Low Vision Center berfungsi sebagai tempat layanan edukasi bagi penyandang low vision, sosialisasi dan penelitian, pendampingan serta advokasi , serta penyediaan alat bantu penglihatan yang saat ini masih harus diimpor. Fungsi pendampingan itu, kata Laila, antara lain dengan menyediakan relawan untuk mendampingi penyandang low vision dari kalangan pelajar ketika mengikuti ujian tertulis. “Juga advokasi ke sekolah inklusi dan sekolah lain yang siswanya menyandang low vision,” ujar Laila.
Pendiri yayasan Dian Syarif mengatakan, layanan tersebut sudah dirintis sejak lembaga itu berdiri pada 2004. Layanan itu terkait juga dengan kegiatan peduli penyakit lupus. Yayasan, kata Dian, bekerja sama dengan Pusat Mata Nasional Rumah Sakit Mata Cicendo, beberapa lembaga swadaya masyarakat, institusi pendidikan kampus dan dinas, dan Dinas Kesehatan. “Kami mendesak agar ada keringanan biaya impor alat bantu penglihatan tersebut kepada pemerintah,” kata Dian.
Alat bantu yang beragam jenisnya tersebut seharga Rp 100 ribu hingga Rp 7 juta. Menurut Dian, yayasan ikut dibantu banyak donatur untuk bisa membeli perangkat tersebut yang diimpor dari Hongkong. Donasi yang terkumpul disisihkan juga untuk melakukan penelitian, pengembangan, modifikasi, maupun uji coba pembuatan alat sendiri. “Sementara belum berhasil, tapi terus dicoba supaya tidak ketergantungan dengan barang impor,” kata Dian.
Orang tua yang anak-anaknya menyandang low vision mengatakan banyak mendapat manfaat selama bergabung dengan yayasan . “Kepercayaan diri anak pelan-pelan tumbuh setelah bertemu dengan sesama penyandang low vision,” kata Yuyus Bekoning, 47 tahun.
Seorang ibu lainnya, Nur asal Karawang, mengatakan hal serupa.

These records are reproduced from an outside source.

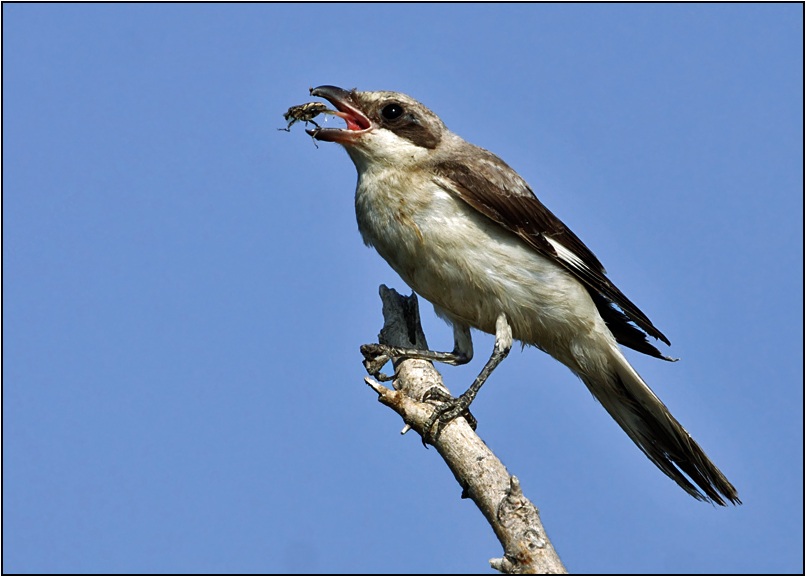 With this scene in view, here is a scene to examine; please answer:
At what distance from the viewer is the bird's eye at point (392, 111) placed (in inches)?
307

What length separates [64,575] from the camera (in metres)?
6.63

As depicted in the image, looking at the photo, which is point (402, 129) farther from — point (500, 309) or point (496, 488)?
point (496, 488)

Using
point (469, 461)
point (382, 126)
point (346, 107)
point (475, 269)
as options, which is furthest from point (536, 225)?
point (469, 461)

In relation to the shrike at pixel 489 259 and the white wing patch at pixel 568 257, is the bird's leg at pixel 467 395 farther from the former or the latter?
the white wing patch at pixel 568 257

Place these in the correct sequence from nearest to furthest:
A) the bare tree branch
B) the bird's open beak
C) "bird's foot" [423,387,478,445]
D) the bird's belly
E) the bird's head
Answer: the bare tree branch → "bird's foot" [423,387,478,445] → the bird's belly → the bird's head → the bird's open beak

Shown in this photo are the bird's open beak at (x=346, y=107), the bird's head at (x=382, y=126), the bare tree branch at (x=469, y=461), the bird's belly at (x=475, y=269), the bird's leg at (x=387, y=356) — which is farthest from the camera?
the bird's open beak at (x=346, y=107)

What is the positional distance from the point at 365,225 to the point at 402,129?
78 cm

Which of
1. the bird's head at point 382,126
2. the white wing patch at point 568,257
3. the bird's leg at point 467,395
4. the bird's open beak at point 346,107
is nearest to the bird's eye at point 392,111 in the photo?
the bird's head at point 382,126

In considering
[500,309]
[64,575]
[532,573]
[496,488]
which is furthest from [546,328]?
[64,575]

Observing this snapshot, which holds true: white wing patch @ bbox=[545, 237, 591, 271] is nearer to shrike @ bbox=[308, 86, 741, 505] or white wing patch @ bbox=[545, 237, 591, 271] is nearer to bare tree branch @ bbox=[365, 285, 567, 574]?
shrike @ bbox=[308, 86, 741, 505]

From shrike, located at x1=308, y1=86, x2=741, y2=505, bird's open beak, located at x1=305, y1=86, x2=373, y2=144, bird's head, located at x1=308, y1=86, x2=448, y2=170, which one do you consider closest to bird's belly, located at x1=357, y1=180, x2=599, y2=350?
shrike, located at x1=308, y1=86, x2=741, y2=505

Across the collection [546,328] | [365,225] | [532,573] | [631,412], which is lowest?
[532,573]

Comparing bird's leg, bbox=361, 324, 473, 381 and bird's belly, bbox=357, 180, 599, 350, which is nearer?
bird's belly, bbox=357, 180, 599, 350

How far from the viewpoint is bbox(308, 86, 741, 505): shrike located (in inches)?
289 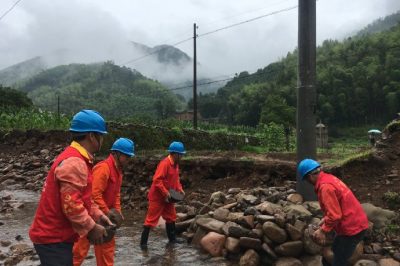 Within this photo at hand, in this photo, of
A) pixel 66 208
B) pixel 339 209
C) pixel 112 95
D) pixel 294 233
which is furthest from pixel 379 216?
pixel 112 95

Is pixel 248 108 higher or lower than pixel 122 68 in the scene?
lower

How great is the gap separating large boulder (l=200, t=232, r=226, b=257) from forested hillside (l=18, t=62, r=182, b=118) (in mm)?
40557

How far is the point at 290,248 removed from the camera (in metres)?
6.60

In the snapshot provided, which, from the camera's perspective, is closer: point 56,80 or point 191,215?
point 191,215

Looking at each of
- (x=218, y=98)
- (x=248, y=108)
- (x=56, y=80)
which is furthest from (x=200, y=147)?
(x=56, y=80)

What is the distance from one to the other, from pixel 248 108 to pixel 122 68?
33.1 m

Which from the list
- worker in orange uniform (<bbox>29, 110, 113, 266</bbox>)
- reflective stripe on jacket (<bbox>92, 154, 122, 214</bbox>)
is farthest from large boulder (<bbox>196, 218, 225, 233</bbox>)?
worker in orange uniform (<bbox>29, 110, 113, 266</bbox>)

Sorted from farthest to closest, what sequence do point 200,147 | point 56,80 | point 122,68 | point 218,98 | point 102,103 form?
point 56,80 → point 122,68 → point 218,98 → point 102,103 → point 200,147

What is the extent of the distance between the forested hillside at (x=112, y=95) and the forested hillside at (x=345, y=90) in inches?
390

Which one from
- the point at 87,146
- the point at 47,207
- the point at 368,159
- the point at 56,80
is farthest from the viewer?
the point at 56,80

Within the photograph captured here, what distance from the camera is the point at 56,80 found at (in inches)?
4077

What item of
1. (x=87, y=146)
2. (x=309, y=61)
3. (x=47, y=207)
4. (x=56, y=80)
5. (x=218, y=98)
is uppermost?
(x=56, y=80)

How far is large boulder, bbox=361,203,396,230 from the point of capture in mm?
6625

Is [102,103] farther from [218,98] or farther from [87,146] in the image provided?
[87,146] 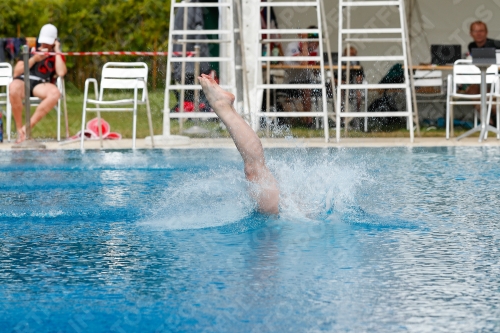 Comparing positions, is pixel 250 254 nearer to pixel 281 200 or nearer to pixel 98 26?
pixel 281 200

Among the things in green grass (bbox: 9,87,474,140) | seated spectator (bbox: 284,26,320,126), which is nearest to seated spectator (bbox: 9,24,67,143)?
green grass (bbox: 9,87,474,140)

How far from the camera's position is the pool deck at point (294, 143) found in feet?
34.9

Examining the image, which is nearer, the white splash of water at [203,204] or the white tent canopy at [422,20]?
the white splash of water at [203,204]

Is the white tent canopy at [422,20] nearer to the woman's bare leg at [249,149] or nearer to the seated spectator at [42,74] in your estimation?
the seated spectator at [42,74]

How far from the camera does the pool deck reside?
1063cm

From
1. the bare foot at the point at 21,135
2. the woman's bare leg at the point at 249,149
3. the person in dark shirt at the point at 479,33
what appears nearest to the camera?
the woman's bare leg at the point at 249,149

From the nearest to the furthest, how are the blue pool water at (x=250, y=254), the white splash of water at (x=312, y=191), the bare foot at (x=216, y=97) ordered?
the blue pool water at (x=250, y=254) → the bare foot at (x=216, y=97) → the white splash of water at (x=312, y=191)

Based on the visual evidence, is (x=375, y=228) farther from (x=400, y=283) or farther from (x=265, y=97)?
(x=265, y=97)

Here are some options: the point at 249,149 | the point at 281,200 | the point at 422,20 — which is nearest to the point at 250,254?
the point at 249,149

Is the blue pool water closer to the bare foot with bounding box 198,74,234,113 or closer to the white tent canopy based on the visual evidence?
the bare foot with bounding box 198,74,234,113

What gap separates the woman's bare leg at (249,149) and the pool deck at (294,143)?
5.10 meters

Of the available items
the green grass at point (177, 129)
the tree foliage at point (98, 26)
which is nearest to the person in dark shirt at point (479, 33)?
the green grass at point (177, 129)

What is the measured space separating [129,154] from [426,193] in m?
4.27

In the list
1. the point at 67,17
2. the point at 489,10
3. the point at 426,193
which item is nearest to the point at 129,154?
the point at 426,193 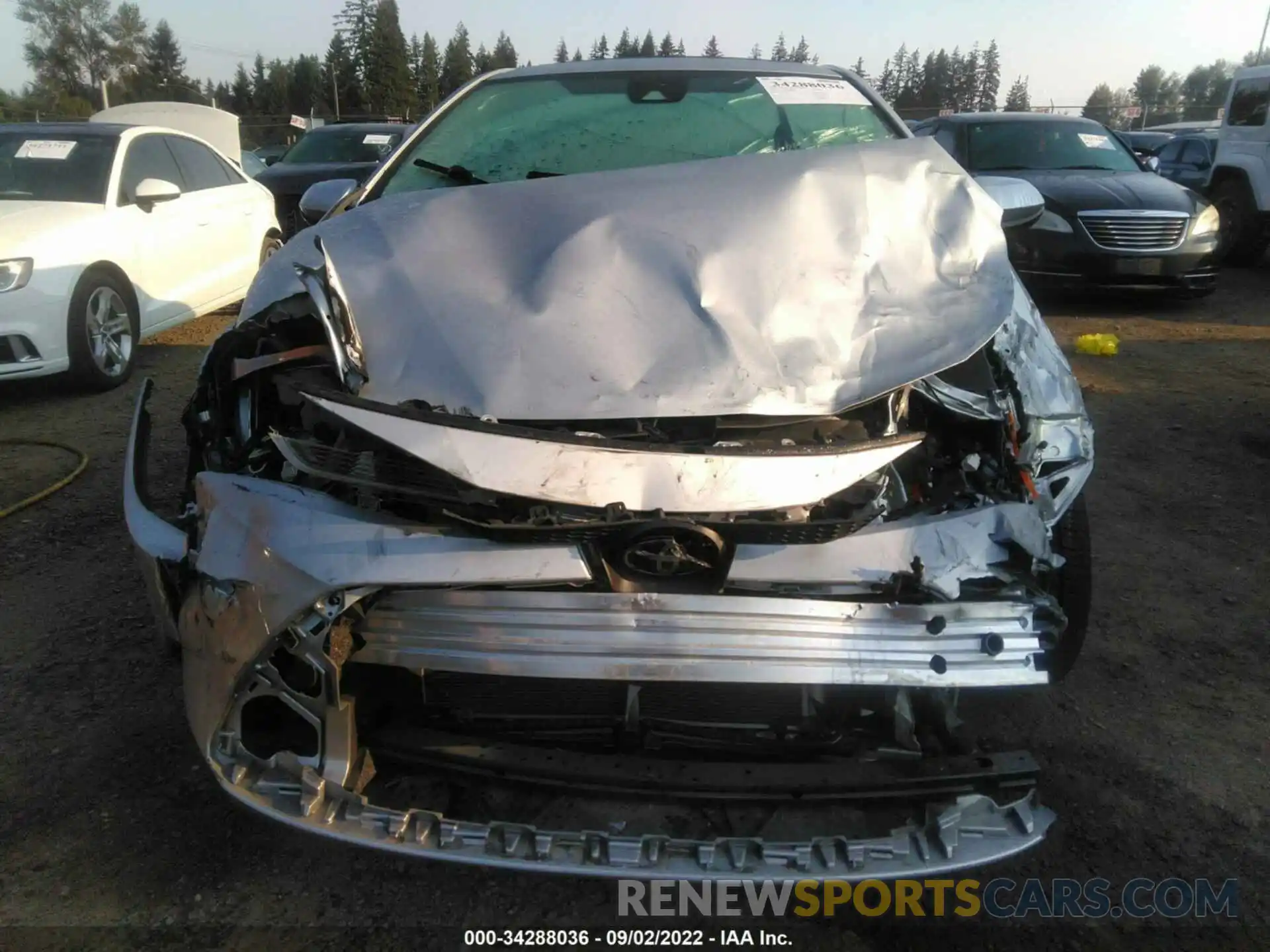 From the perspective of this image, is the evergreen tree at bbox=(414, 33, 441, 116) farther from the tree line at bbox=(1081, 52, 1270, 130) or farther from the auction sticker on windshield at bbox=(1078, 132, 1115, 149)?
the auction sticker on windshield at bbox=(1078, 132, 1115, 149)

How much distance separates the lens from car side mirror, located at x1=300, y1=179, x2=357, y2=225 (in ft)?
11.1

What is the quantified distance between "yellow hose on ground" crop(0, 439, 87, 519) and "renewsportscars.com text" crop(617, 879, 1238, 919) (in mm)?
3104

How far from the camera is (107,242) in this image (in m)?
5.53

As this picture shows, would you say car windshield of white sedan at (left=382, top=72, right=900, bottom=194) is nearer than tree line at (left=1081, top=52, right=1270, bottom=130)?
Yes

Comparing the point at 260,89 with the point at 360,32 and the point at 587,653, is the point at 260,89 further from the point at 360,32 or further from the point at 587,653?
the point at 587,653

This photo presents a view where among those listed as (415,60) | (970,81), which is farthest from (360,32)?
(970,81)

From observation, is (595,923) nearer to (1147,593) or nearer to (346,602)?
(346,602)

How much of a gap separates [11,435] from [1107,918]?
5158mm

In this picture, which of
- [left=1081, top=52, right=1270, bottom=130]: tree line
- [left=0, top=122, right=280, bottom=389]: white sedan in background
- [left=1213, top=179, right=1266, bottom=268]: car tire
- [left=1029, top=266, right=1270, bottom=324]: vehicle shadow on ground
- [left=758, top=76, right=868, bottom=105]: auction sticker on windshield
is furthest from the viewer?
[left=1081, top=52, right=1270, bottom=130]: tree line

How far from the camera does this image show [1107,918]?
→ 1890mm

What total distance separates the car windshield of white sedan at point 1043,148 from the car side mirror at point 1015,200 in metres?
5.51

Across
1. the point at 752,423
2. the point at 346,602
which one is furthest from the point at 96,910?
the point at 752,423

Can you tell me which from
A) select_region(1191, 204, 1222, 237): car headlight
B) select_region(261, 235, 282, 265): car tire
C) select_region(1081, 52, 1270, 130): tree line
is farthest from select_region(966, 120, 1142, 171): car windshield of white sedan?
select_region(1081, 52, 1270, 130): tree line

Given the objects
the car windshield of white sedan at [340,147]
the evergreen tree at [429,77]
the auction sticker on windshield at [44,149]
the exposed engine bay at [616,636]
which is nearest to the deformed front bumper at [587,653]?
the exposed engine bay at [616,636] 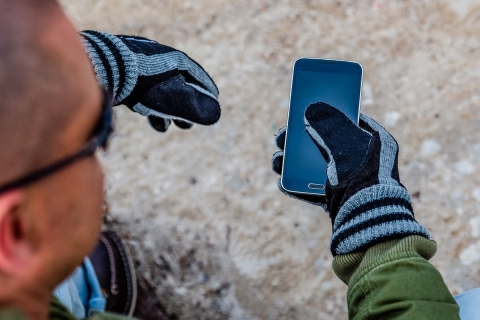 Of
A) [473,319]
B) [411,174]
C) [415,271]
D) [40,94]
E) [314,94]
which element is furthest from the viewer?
[411,174]

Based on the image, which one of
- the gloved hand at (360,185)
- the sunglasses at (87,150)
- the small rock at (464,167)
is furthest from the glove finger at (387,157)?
the sunglasses at (87,150)

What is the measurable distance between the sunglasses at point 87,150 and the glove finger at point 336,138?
1.95ft

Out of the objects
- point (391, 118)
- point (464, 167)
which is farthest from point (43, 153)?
point (464, 167)

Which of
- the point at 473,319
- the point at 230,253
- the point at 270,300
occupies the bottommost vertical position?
the point at 270,300

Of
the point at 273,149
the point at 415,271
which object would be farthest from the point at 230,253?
the point at 415,271

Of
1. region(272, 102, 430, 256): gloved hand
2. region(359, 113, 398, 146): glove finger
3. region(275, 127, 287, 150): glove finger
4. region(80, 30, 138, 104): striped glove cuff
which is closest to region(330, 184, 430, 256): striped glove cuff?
region(272, 102, 430, 256): gloved hand

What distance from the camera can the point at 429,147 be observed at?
1423 millimetres

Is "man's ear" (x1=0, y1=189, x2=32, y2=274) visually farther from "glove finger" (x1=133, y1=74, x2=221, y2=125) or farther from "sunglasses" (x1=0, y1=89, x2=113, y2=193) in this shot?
"glove finger" (x1=133, y1=74, x2=221, y2=125)

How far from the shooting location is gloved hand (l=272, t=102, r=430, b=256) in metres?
0.94

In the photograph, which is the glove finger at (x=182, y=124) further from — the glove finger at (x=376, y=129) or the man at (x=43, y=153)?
the man at (x=43, y=153)

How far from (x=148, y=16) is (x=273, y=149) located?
65cm

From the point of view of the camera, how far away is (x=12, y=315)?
1.78 feet

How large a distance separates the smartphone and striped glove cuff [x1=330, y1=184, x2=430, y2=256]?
25 centimetres

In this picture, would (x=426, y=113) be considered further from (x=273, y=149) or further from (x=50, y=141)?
(x=50, y=141) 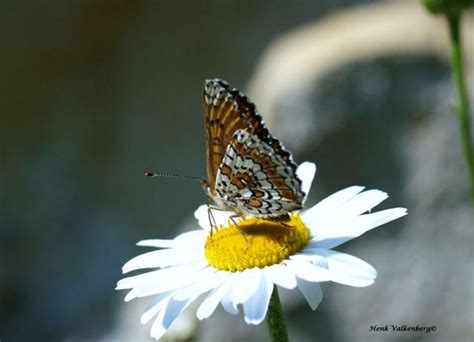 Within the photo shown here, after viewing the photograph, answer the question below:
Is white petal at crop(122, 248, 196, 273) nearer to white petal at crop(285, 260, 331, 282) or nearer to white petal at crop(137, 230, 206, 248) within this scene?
white petal at crop(137, 230, 206, 248)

Zidan, putranya yang masih duduk di kelas 4 Sekolah Dasar tergolong aktif namun pemalu. “Dia juga seperti kurang percaya diri, mungkin karena di tempat kami jarang sekali anak yang low vision,” ujarnya. Orang tua pun bisa ikut berkonsultasi gratis dengan seorang psikolog relawan untuk mendampingi anak atau anggota keluarga lain yang menderita low vision.